Problem to work on>
Print exactly those lines that run from the beginning of the data to the line bearing "DOR MEDIUM BOOK", inclusive.

Task material>
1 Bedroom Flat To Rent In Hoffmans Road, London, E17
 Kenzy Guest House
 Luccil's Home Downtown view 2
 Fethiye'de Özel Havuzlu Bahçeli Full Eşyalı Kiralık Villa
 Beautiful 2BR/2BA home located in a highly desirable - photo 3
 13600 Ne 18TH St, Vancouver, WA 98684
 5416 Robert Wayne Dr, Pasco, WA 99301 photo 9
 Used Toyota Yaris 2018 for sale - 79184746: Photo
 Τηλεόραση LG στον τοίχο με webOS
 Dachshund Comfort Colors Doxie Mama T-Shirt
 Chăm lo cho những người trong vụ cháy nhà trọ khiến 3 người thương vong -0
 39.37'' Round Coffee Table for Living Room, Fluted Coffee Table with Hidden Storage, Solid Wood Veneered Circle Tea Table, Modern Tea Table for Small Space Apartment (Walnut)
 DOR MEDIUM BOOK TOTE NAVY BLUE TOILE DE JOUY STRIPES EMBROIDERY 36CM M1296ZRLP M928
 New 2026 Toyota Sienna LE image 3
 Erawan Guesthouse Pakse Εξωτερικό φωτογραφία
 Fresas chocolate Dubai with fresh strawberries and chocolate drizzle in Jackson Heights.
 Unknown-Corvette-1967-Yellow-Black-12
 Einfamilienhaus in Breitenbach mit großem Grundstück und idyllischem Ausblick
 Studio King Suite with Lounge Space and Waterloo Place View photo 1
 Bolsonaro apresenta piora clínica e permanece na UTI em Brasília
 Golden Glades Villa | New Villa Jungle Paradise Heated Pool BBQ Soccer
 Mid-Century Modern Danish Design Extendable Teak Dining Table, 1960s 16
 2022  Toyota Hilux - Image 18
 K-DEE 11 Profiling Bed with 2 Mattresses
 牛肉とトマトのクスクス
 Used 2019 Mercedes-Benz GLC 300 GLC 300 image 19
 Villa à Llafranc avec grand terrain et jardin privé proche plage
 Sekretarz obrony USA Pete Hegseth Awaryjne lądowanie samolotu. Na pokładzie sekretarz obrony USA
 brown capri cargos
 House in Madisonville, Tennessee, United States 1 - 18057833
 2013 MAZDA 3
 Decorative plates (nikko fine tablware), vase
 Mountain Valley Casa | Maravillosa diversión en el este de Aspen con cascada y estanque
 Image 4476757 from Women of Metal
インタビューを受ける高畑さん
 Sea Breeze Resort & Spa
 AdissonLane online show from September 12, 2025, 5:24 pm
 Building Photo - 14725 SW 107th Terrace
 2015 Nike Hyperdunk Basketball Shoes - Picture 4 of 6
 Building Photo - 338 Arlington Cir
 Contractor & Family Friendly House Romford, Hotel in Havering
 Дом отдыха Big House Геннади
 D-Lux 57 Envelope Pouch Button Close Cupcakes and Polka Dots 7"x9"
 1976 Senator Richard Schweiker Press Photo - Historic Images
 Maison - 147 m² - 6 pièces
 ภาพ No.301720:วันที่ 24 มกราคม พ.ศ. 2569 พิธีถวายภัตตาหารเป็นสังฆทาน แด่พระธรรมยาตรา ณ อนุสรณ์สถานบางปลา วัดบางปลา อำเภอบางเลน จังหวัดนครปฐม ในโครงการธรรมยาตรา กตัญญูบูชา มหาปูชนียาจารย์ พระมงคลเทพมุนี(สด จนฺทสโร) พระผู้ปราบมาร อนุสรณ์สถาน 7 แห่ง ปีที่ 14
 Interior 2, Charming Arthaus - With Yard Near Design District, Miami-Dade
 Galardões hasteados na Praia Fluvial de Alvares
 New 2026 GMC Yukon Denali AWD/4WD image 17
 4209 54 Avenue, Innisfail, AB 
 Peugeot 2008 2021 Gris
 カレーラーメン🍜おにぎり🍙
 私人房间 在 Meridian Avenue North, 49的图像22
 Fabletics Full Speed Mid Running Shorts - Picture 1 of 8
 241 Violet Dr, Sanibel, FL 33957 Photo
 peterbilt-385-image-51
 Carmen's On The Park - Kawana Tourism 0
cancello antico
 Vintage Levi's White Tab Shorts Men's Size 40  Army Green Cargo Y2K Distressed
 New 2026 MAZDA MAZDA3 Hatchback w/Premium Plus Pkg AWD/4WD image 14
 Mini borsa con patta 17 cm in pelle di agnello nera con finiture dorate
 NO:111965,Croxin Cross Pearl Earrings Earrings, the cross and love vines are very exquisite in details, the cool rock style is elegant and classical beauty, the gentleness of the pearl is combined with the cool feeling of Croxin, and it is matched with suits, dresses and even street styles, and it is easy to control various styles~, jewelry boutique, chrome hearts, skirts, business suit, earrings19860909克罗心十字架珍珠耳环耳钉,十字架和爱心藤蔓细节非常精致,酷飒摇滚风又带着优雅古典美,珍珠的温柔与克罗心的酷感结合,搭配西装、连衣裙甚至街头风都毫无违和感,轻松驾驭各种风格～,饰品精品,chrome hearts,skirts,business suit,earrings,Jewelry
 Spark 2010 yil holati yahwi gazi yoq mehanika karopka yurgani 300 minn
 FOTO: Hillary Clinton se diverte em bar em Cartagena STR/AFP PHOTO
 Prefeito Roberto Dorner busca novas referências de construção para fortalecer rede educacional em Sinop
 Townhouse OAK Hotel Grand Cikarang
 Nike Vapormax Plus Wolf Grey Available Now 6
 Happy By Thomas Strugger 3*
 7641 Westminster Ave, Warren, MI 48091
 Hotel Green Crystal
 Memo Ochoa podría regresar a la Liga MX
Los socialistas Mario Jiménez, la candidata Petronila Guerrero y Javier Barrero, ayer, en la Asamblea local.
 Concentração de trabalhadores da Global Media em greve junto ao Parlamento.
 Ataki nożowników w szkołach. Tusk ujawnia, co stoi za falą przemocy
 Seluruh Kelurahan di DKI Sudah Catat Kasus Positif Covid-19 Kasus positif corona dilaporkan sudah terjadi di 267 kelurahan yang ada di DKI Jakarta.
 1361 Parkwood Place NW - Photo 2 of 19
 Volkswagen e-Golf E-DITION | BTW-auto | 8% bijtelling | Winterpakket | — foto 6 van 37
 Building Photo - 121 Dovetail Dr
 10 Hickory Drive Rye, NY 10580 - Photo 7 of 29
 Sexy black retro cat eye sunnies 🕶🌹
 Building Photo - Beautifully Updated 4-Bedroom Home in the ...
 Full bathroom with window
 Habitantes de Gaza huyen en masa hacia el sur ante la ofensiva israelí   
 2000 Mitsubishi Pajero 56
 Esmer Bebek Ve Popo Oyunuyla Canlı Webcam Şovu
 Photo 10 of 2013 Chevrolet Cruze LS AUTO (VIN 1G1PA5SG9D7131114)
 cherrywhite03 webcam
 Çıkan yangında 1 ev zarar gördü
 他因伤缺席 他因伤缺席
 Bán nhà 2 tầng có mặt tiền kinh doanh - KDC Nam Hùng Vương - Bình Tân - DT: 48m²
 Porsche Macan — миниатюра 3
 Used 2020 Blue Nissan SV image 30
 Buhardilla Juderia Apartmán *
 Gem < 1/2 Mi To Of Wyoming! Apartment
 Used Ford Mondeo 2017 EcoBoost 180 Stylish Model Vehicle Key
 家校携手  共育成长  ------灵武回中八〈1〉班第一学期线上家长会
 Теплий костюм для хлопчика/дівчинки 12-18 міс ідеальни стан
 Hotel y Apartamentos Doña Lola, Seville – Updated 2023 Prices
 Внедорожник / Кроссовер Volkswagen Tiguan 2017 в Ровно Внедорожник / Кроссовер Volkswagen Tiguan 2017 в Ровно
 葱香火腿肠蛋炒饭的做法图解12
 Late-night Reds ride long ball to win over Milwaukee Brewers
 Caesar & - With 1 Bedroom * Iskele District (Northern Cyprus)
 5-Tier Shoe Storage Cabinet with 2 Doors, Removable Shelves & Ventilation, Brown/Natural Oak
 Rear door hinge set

Output of the task>
1 Bedroom Flat To Rent In Hoffmans Road, London, E17
 Kenzy Guest House
 Luccil's Home Downtown view 2
 Fethiye'de Özel Havuzlu Bahçeli Full Eşyalı Kiralık Villa
 Beautiful 2BR/2BA home located in a highly desirable - photo 3
 13600 Ne 18TH St, Vancouver, WA 98684
 5416 Robert Wayne Dr, Pasco, WA 99301 photo 9
 Used Toyota Yaris 2018 for sale - 79184746: Photo
 Τηλεόραση LG στον τοίχο με webOS
 Dachshund Comfort Colors Doxie Mama T-Shirt
 Chăm lo cho những người trong vụ cháy nhà trọ khiến 3 người thương vong -0
 39.37'' Round Coffee Table for Living Room, Fluted Coffee Table with Hidden Storage, Solid Wood Veneered Circle Tea Table, Modern Tea Table for Small Space Apartment (Walnut)
 DOR MEDIUM BOOK TOTE NAVY BLUE TOILE DE JOUY STRIPES EMBROIDERY 36CM M1296ZRLP M928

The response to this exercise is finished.